What is expected | Print the records below exactly, omitting all pictures.

··· Input

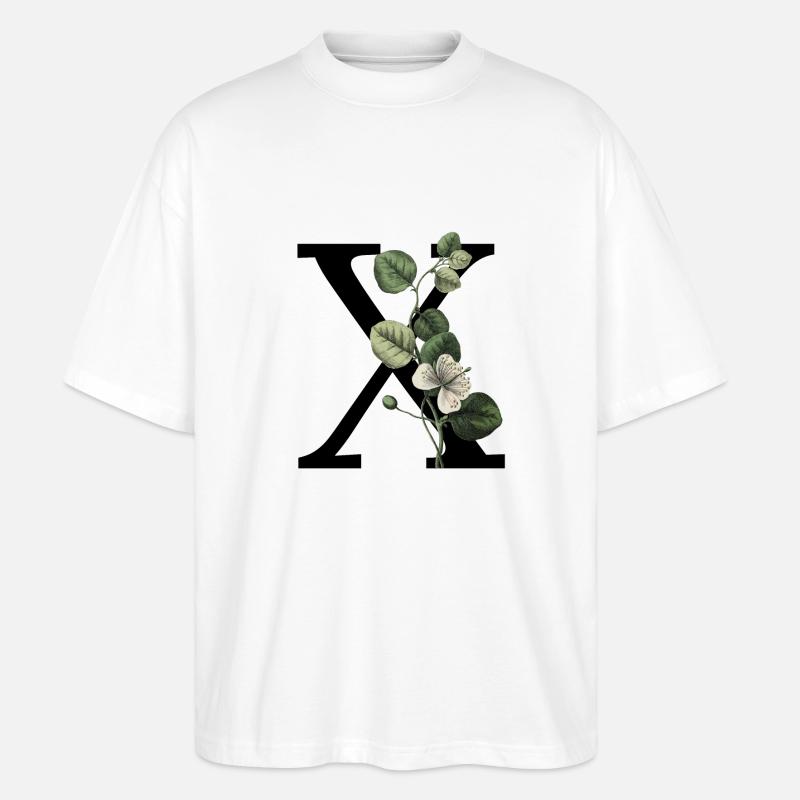 Buchstabe X Grüne Botanik - Stanley/Stella Oversized Unisex Bio T-Shirt Blaster 2.0 - Weiß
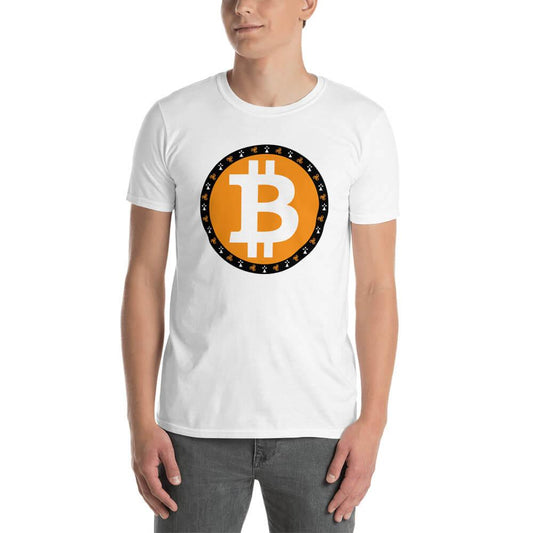 Tee-shirt Homme manches courtes avec visuel Bitcoin avec des symboles Bretons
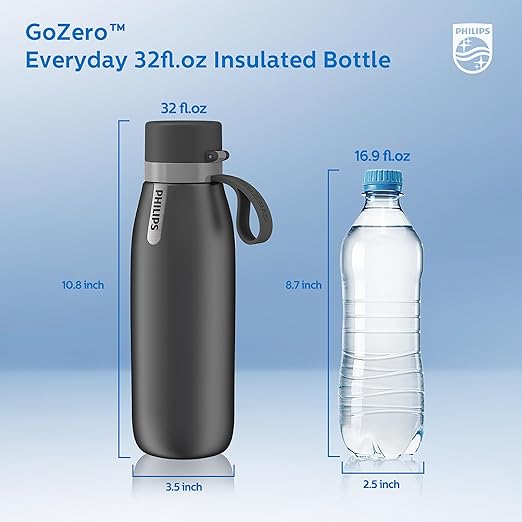 PHILIPS Filtered Water Bottle, Insulated Stainless Steel Water Purifier Bottle for Daily Life & Travel, BPA Free with GoZero Everyday Filter for Cleaner & Tastier Tap Water, Keeps Cold, 32 oz Gray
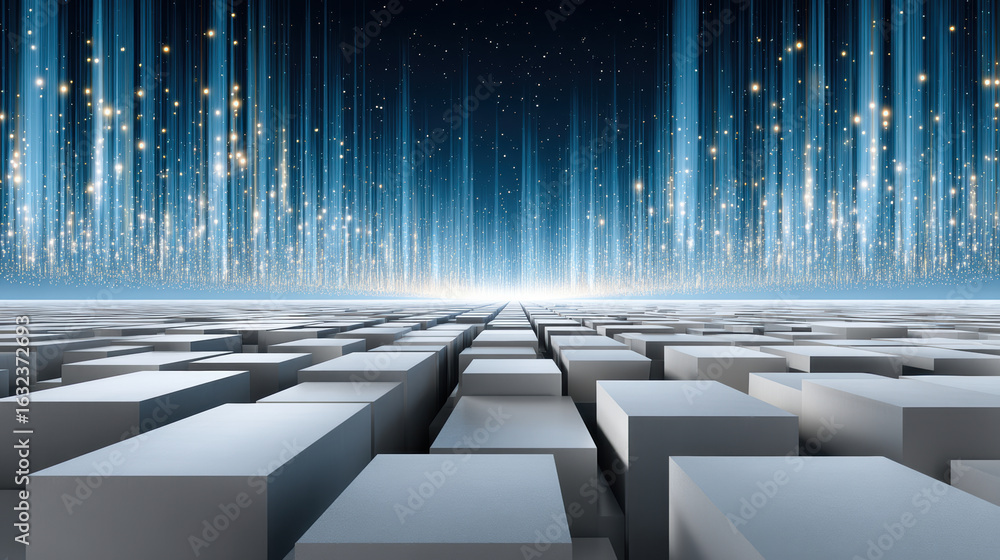 Poster container loading area with futuristic glowing light streaks above vast grid of metallic cubes creat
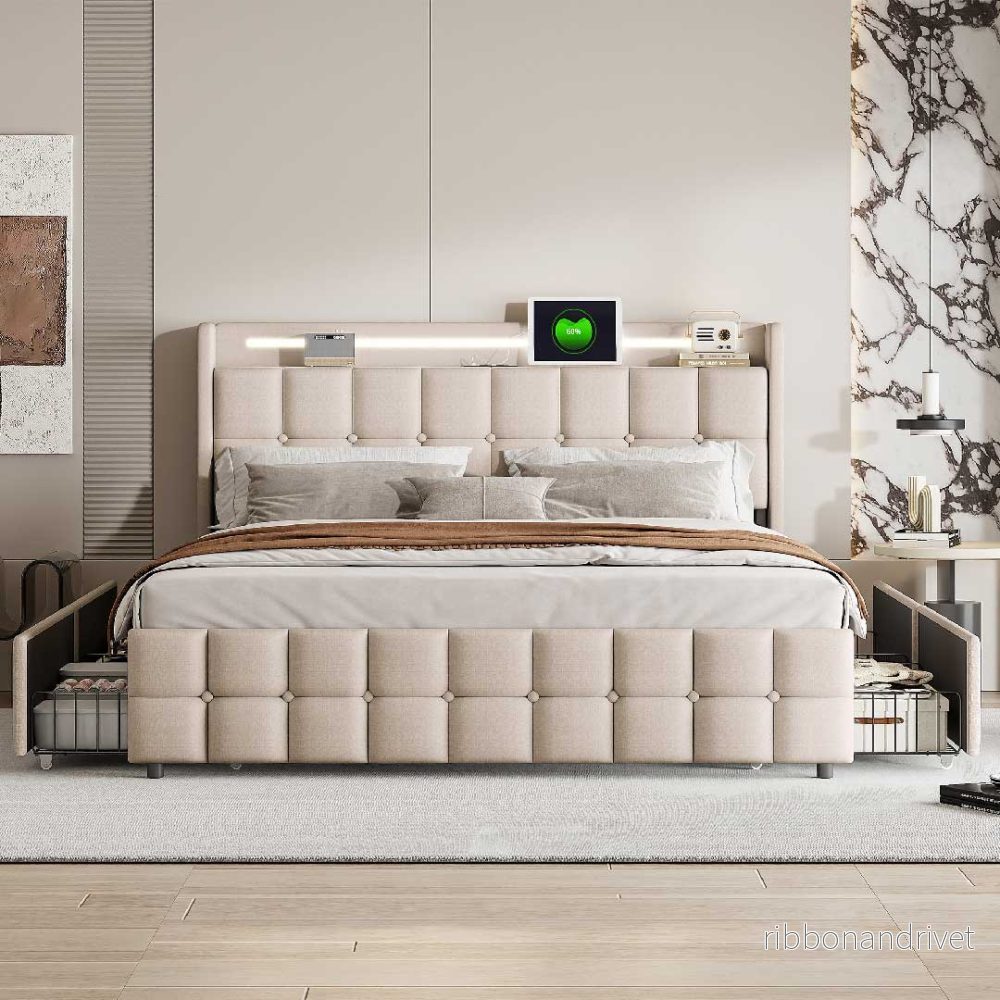 Yelenaro Linnesäng 160/180×200 cm med LED, USB & 4 lådor Yelenaro Linnesäng 160/180×200 cm med LED, USB & 4 lådor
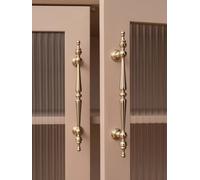 Solid Brass Bright Gold Kitchen Cabinet Pull Drawer Knob Bedroom Electroplated PVD Wardrobe Dresser Handle Furniture Accessories(Pitch-row-224mm)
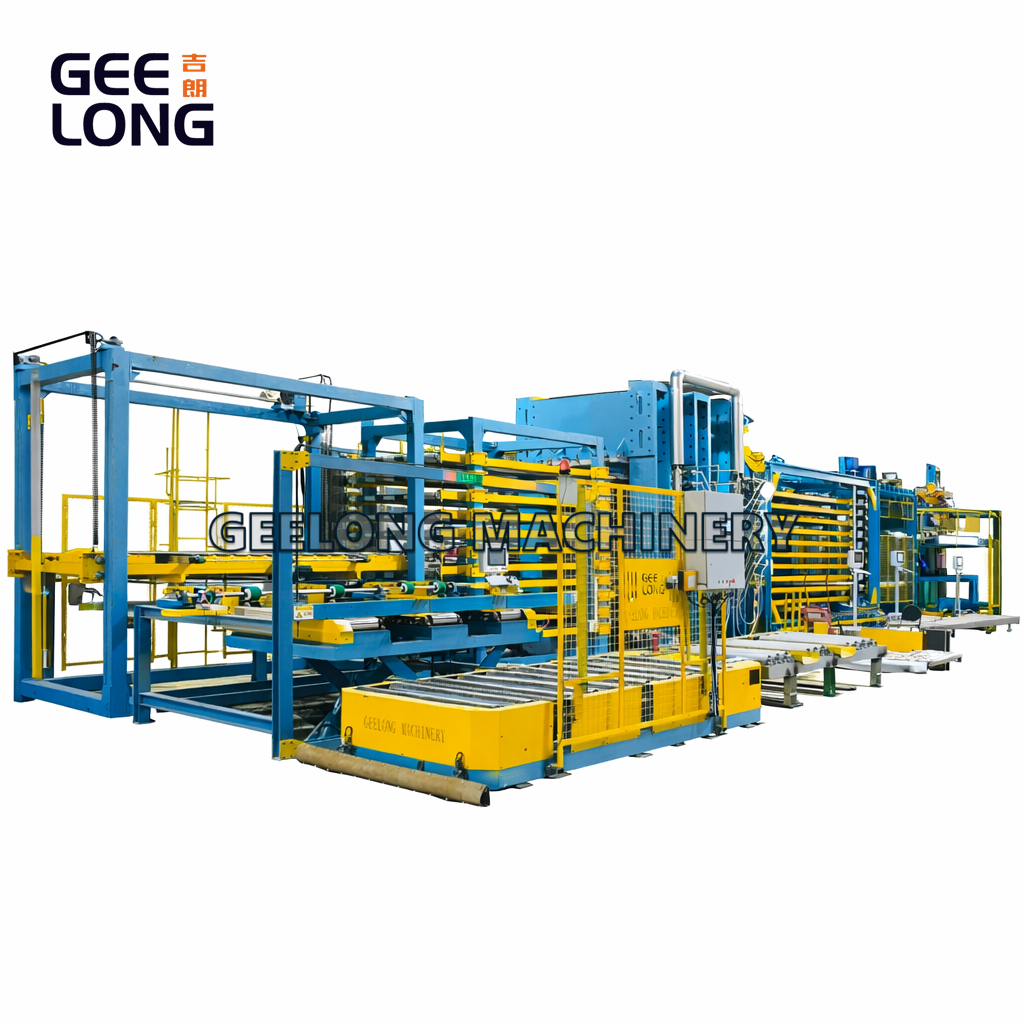 Dây chuyền ép ván ép phủ phim hoàn toàn tự động với hệ thống cấp liệu dọc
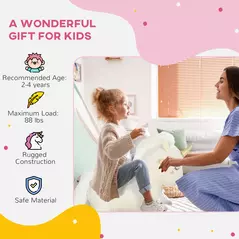 AIYAPLAY Rocking Horse with Unicorn Design, Sounds, for Ages 2-4 Years, White - 8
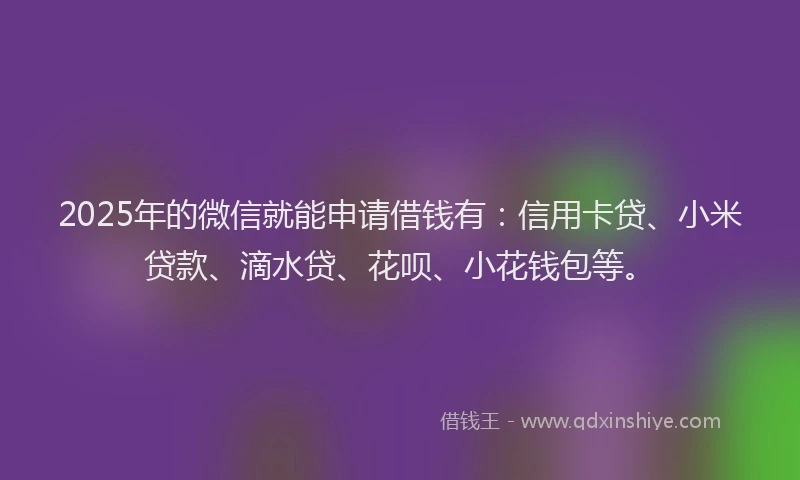 2025年的微信就能申请借钱有：信用卡贷、小米贷款、滴水贷、花呗、小花钱包等。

······

Final answer |
 Buchstabe X Grüne Botanik - Stanley/Stella Oversized Unisex Bio T-Shirt Blaster 2.0 - Weiß
 Tee-shirt Homme manches courtes avec visuel Bitcoin avec des symboles Bretons
 PHILIPS Filtered Water Bottle, Insulated Stainless Steel Water Purifier Bottle for Daily Life & Travel, BPA Free with GoZero Everyday Filter for Cleaner & Tastier Tap Water, Keeps Cold, 32 oz Gray
 Poster container loading area with futuristic glowing light streaks above vast grid of metallic cubes creat
 Yelenaro Linnesäng 160/180×200 cm med LED, USB & 4 lådor Yelenaro Linnesäng 160/180×200 cm med LED, USB & 4 lådor
 Solid Brass Bright Gold Kitchen Cabinet Pull Drawer Knob Bedroom Electroplated PVD Wardrobe Dresser Handle Furniture Accessories(Pitch-row-224mm)
 Dây chuyền ép ván ép phủ phim hoàn toàn tự động với hệ thống cấp liệu dọc
 AIYAPLAY Rocking Horse with Unicorn Design, Sounds, for Ages 2-4 Years, White - 8
 2025年的微信就能申请借钱有：信用卡贷、小米贷款、滴水贷、花呗、小花钱包等。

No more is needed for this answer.